The group expects its specification to be available to member companies in the fourth quarter of this year. WiGig officials wouldn't predict when products would hit the market, but they hope to have interoperability testing in place next year and possibly certify some products by the end of 2010.
WiGig hopes to collaborate closely with the Wi-Fi Alliance as well as with the IEEE 802.11AD task group, which has just started developing a standard for high-speed wireless in the 60GHz band, said Mark Grodzinsky, WiGig's marketing chairman. Given that major contributors to IEEE 802.11 standards belong to the WiGig Alliance, it's likely that the group's work will influence the eventual IEEE standard, he said. Grodzinsky is also an executive at Intel.
The technology might eventually become part of a "tri-band Wi-Fi" that could provide connectivity over the 2.4GHz, 5GHz and 60GHz bands, at different speeds, depending on the strength of the signal in different locations around an access point, Grodzinsky said.
WiGig should be capable of delivering more than 6Gb per second (Gbps) at the physical layer, though certain kinds of overhead will reduce that speed in real-world use, said WiGig Chairman Ali Sadri. Because it uses such high frequencies, the technology will tend to have a shorter range than Wi-Fi, but advancements in antenna design could make its range comparable to 5GHz Wi-Fi, he said.
WirelessHD is designed to deliver about 4Gbps for consumer applications, and WHDI promises about 3Gbps. But unlike those systems, WiGig can be used for true IP (Internet Protocol) networking just as Wi-Fi can, Grodzinsky said.

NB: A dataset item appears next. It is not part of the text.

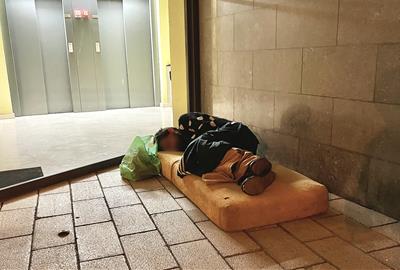 Una persona sense llar dormint davant d'un portal. ACN / Jordi Pujolar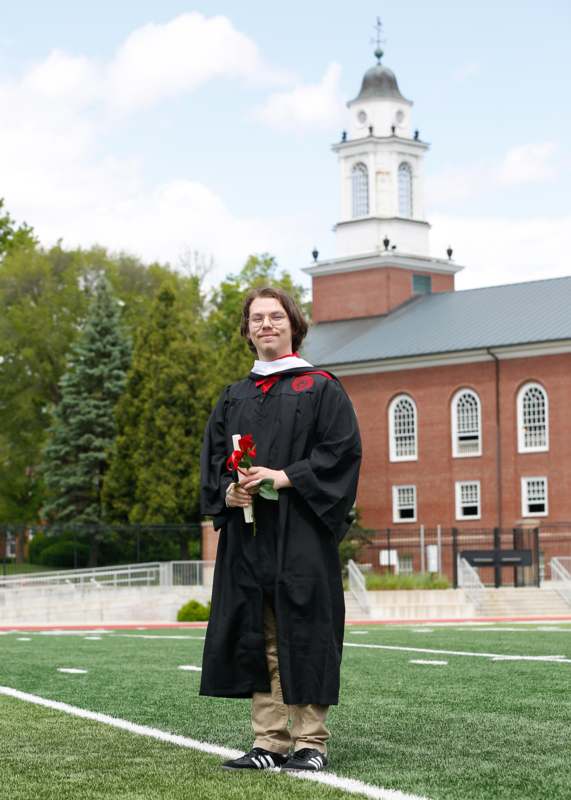 a man in a graduation gown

In addition to streaming HD video, it could be used for docking laptop PCs or netbooks to a large display, a set of speakers and a hard drive, he said. The group is developing tools in its specification to throttle back power consumption when possible, and WiGig shouldn't affect battery life any more than Wi-Fi, he said.
The group chose the 60GHz band because it's available without a license and almost unused in most countries, according to Sadri. WiGig isn't alone in targeting this band, as SiBeam's WirelessHD chips already use it.
WiGig has an impressive lineup of backers, but its timing may be a hindrance, according to In-Stat analyst Brian O'Rourke.
"The road to WiGig silicon in products on the market is a long way off, perhaps as long as two years. In the meantime, 60GHz silicon is already available from SiBeam, and Amimon also has a wireless HD transmission chip technology on the market," O'Rourke wrote in a research note. In addition, because of the high frequency, he thinks it's unlikely for WiGig to cover a whole house unless it's used in conjunction with Wi-Fi. "Using WiGig technology alone to accomplish this will be a Herculean task, likely requiring the use of some type of repeater in the home," O'Rourke wrote.